You have expanded to three offices.
JM: My first office and home office was established in Livingston, New Jersey. Thereafter I expanded to Manhattan, which was always a dream of mine. I love Latin culture, which led to my third practice in Miami. My next target is Dubai.
What are the most popular procedures patients are coming to you for today?
JM: My number one surgery is buccal fat removal. Over 50% of my practice is buccal fat removal. Second, chin-neck-jaw liposuction. This combo removes a double chin, tightens the neck, and provides a more defined jawline. Third, face lifts and neck lifts. As for cosmetics, filler enhancement is my most popular.
Recently there have been a lot of social media attacks on plastic surgery including shaming those who get it. What are your thoughts, and moreover, do you feel plastic surgery is more socially acceptable for women while still being a scarlet letter for men?
JM: What is the problem with plastic surgery? There is a lot of bad plastic surgery out there from doctors who either do not perform well or who say yes to whatever the patient wants even when they should say no. If there is something which bothers you that you want to change, why not change it? You can do as much exercise as you want, be fit, have a six pack, yet the face will always age faster, especially in relation to the mind. This is where plastic surgery comes in. If it will make you feel more confident, and if it is done well, you will feel more in harmony with yourself. If you can get a haircut, you can get plastic surgery. The key is to find a surgeon who will give you quality results.

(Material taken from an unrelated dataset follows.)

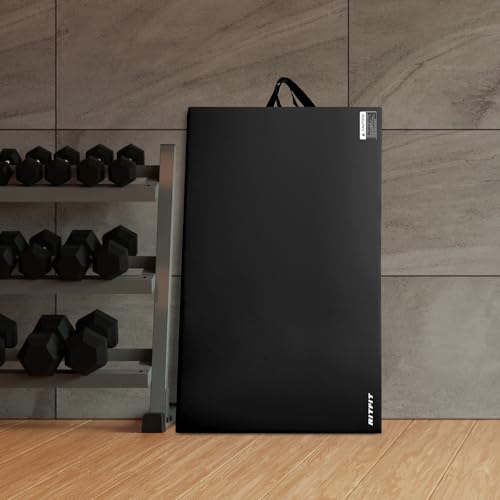 RitFit Upgraded Folding Exercise Mat, 2 Inch Thick Gymnastics Mat - color: Black(4' x 10')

There are also times, as a doctor, you need to redirect a patient. For example, recently a patient wanted buccal fat removal surgery, but after analyzing the face I explained the problem was cheekbones, which could be easily fixed with filler. If you do not need it, I will not sell it to you.
When did you come out?
JM: I came out seven years ago when I turned 40. It was a very horrifying experience. I was raised Catholic in a very conservative culture where being gay was the worst thing ever. It was better to hit your mother than be gay. I was struggling because I was in the closet for a long time in an effort to make everyone else happy. I felt enslaved and jailed because I was living life making everyone happy while I internally suffered. At one point I was engaged to a woman. I was going down the path to be married until I broke the engagement.
I did a lot of introspection and at 40 I decided to come out. My biggest fear was being disowned but I could not continue suffering. I came out to my friends first. I accidentally came out to my colleagues via a text to my nurse I meant to send to somebody else (laughs). I planned to come out during Christmas in Colombia where I brought my boyfriend with me. I worked myself up so much only for it to go far better than I anticipated. Nothing out of left field. The uncle I was most horrified [of] was actually super inquisitive, as opposed to putting me down. I could not believe I suffered 40 years thinking my family was going to hurt or disown me, only for none of my fears to become reality.
Often times we build up worst-case scenarios in our mind, which direct our decisions and the moves we make. It is 2023 yet many men are still in the closet. I advise you to come out now before you make life more complicated by trying to appease everyone around you.
Are you on the market?
No, I am still with the same boyfriend I was with when I came out seven years ago. He is going to be my partner for life!